Desde hacía algún tiempo Melquíades hablaba a sus conocidos de “la moneda”, una joya valiosísima guardada celosamente en su ropero. Su mujer, ya también anciana y enferma asentía — ¡Sí, vaya que es valiosa!
Faltaba ya de todo en su pequeño departamento, desde que Melquíades dejó de vender ropa en abonos por su enfermedad que lo aquejaba, pero la esperanza seguía siendo “la moneda”.
La situación empeoraba día a día. Aunque poco comía la pareja, el dinero se fue acabando. Melisa, su mujer delgada, cada vez más delgada, era atacada por un mal indescifrable por lo que su piel se hizo amarillenta y después ya no pudo caminar ni para ir al mercado.
Si no hubiera sido porque una tarde, una vecina se asomó y los vio allí tirados en la cama desvencijada del cuarto y casi muriendo, de verdad habrían muerto.
La vecina les llevó frijoles y tortillas y llamó por teléfono a un hermano de Melquíades.
A los dos se los llevó el hermano de Melquíades, pero antes éste sacó del ropero “la moneda” guardada en una pequeña cajita, la cual metió con sumo cuidado en la bolsa de su pantalón.
El cuarto se cerró, tal vez para siempre; el mismo cuarto donde Melquíades y Melisa habían realizado su amor desde hacía muchísimos años, sin que el cielo les mandara nunca un hijo.
El futuro de ambos no era más que el presente cruel de enfermedad y pobreza. Ella fue conducida con un familiar aparentemente aquejada de cáncer. Él, ya casi ciego por las cataratas, se quedó a vivir con su hermano.
Hacía por lo menos seis años que padecía de cataratas que lo dejó prácticamente ciego. Al principio nubes blancas comenzaron a difuminar las figuras de la gente, de las cosas, pero después casi ya no distinguía nada; pero como Melisa le llevaba de comer y en realidad le hacía todo, pudieron seguir adelante.
Él prácticamente dejó de trabajar. De vez en cuando vendía alguna ropa que iban a comprarle sus antiguos clientes. Sin embargo, contaban con algún dinero que, según Melquíades, era para cuando lo necesitaran con mucha urgencia, porque sin ser mucha la cantidad, les serviría para “partir de esta vida con dignidad”.
Y entonces había surgido la luz, la oportunidad. El “Tequila”, un muchacho de la colonia dedicado al nada honroso oficio de ratero subió un día al cuarto de los viejos y le ofreció a Melquíades una moneda de oro recubierta de brillantes. Le dijo que la joya incrementaría su valor con el tiempo, porque el oro y los brillantes nunca se devalúan. Le dijo que sería suya por sólo cinco mil pesos. Melquíades vio los destellos de la moneda y se emocionó. Llamó a Melisa para que la viera. La mujer, ya también con graves deficiencias de la vista, la medio vio y estuvo de acuerdo con su marido en comprarla aunque se fueran casi todos sus ahorros.
Así, la transacción quedó hecha.
Ahora, al cabo del tiempo y cuando ya no tenían nada, era el momento de venderla, no quedaba otra, y vivir los últimos años o meses de su vida con el producto de la venta de esa moneda, guardada por varios años en la cajita.
Llamó pues Melquíades a su hermano y le dijo: — Hermano, ve por Melisa por favor. Sí, no importa, aunque sea en ocho días, cuando tengas tiempo. Y gracias por ayudarnos pero nosotros tenemos dinero suficiente para vivir juntos nuestros últimos años.
El hermano cumplió su petición, y en pleno día, en el patio de la casa donde tenían su cuarto que alquilaron durante muchos años, un domingo casi a mediodía, Melquíades y Melisa se volvieron a abrazar y lloraron por la felicidad de estar juntos.

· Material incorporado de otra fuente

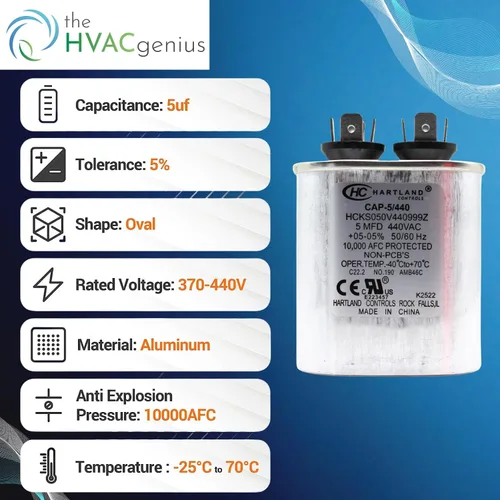 Vista 4 de HVAC Genius - Condensador de 5 condensadores MFD de 370 o 440 VCA 5uf de funcionamiento ovalado para motor de ventilador, condensador de soplador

De la bolsa de su chamarra gris, Melquíades sacó la cajita roja donde estaba “la moneda”, aquella misma que le había vendido hacía tiempo el “Tequila”. Y ante la mirada expectante de su hermano, su esposa y los sobrinos, abrió la cajita y apareció la moneda, grande, antigua, de esos pesos de antes con la efigie de Morelos, mal pintada de dorado y con diamantina pegada en los bordes, brillando falsamente ante el potente reflector del sol.